January 25, 2010
Celebrating the 300th birthday of his cello, the concert adventurer Matt Haimovitz returned to Seattle’s Tractor Tavern Wednesday night for a one-man show that sold out the bar. Some 250 seated and standing fans filled the funky place where Haimovitz performed Hendrix not so long ago, backed by a band of students, to plug his CD “Anthem.” This time, he’s touring alone, behind his new album, “Figment.” The title is that of a multi-part work by the American composer Elliott Carter, now 101 years old and still stretching the ears of concertgoers.
He didn’t start with the Carter, though: it followed the first of several Ricercare by the Italian composer Domenico Gabrielli, a cellist whose life predated that of Haimovitz’s 1710 instrument by a few decades.

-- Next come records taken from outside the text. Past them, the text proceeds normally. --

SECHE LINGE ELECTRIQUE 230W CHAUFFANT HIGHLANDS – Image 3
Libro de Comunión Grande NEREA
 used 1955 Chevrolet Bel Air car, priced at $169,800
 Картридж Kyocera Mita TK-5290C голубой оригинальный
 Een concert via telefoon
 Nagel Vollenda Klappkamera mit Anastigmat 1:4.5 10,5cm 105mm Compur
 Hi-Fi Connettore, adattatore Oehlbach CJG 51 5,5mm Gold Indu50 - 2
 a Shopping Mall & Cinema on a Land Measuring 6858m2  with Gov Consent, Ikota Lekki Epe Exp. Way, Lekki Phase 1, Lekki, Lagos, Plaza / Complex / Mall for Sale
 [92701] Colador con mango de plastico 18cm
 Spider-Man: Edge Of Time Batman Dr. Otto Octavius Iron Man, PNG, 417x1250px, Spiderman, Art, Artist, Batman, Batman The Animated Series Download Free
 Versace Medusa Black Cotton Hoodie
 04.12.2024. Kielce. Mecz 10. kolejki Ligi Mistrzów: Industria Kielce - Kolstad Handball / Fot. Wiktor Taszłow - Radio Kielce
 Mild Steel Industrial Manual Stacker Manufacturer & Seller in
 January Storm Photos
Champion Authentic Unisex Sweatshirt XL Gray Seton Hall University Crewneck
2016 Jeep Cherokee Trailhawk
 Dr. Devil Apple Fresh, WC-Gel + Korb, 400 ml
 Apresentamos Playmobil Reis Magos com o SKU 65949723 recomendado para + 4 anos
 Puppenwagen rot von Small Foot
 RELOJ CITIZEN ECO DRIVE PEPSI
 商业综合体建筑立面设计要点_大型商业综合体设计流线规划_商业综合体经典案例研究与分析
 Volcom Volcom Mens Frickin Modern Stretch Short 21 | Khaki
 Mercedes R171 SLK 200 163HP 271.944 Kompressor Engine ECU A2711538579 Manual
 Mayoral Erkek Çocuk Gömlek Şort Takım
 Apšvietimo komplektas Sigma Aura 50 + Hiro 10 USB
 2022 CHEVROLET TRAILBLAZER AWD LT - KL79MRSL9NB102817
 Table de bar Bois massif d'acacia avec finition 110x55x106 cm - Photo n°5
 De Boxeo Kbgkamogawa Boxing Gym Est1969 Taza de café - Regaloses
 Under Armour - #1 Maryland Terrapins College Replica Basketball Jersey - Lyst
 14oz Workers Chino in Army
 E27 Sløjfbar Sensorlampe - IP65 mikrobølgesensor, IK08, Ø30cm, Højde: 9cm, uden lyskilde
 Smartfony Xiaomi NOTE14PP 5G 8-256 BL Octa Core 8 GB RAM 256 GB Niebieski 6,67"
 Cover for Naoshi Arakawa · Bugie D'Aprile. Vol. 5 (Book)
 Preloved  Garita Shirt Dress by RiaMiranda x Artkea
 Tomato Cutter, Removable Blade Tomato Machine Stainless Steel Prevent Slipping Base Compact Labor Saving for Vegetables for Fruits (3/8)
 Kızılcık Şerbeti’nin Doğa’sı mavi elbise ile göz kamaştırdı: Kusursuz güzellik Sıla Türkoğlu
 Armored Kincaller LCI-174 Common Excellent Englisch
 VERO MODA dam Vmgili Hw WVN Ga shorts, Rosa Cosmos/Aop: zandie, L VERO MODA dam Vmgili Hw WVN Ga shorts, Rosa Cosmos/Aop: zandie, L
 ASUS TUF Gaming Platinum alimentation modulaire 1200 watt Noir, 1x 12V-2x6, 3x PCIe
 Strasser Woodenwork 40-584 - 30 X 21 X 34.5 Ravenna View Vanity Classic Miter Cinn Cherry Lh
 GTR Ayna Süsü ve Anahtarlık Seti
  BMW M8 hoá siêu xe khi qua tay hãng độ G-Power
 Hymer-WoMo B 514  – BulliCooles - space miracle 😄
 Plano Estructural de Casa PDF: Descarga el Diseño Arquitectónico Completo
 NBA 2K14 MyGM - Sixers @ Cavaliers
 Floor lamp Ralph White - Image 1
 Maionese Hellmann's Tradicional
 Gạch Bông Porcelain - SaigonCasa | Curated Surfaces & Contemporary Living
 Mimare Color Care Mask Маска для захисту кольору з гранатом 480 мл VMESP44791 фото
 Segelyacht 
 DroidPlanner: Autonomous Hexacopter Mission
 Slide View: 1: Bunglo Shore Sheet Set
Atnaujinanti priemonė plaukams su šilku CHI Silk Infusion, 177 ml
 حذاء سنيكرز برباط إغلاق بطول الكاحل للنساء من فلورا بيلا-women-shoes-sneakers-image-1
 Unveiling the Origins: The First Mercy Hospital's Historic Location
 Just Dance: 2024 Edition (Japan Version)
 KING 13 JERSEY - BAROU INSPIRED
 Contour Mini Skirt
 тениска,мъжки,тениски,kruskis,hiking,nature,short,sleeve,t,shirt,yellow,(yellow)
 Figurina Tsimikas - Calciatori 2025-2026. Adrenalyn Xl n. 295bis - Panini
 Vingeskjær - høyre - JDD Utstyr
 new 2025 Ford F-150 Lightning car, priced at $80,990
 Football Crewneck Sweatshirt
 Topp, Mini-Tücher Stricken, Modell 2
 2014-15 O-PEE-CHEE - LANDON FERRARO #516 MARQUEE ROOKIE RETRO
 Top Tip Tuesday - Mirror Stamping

Savvy programming: he paired each contemporary piece with one of these Baroque solos, which worked both as matched sets and as a kind of musical sorbet between courses. Savvy, also, was Haimovitz’s bar-friendly patter: one of the Ricercare, heavy on the bass line, he described as “some of those licks and lines that Gabrielli must’ve been playing all the time.” From some classical performers, that kind of comment might come across as pandering; for Haimovitz, it’s simply home.
Microphone attached to his treasured Gofriller, the muscular, ponytailed cellist adjusted the reverb before launching into the Canadian composer Ana Sokolovic’s “Rez.” Shockingly evocative of Vivaldi’s “Summer” in its opening moments, the piece invokes a whole orchestra in the solo instrument. Haimovitz devours the challenge of speeding dance rhythms, lengthy passages played in harmonics, the bow busy with an insistent beat on one string, a melody on another. (Canada is where Haimovitz makes his home, on the music faculty at McGill University.)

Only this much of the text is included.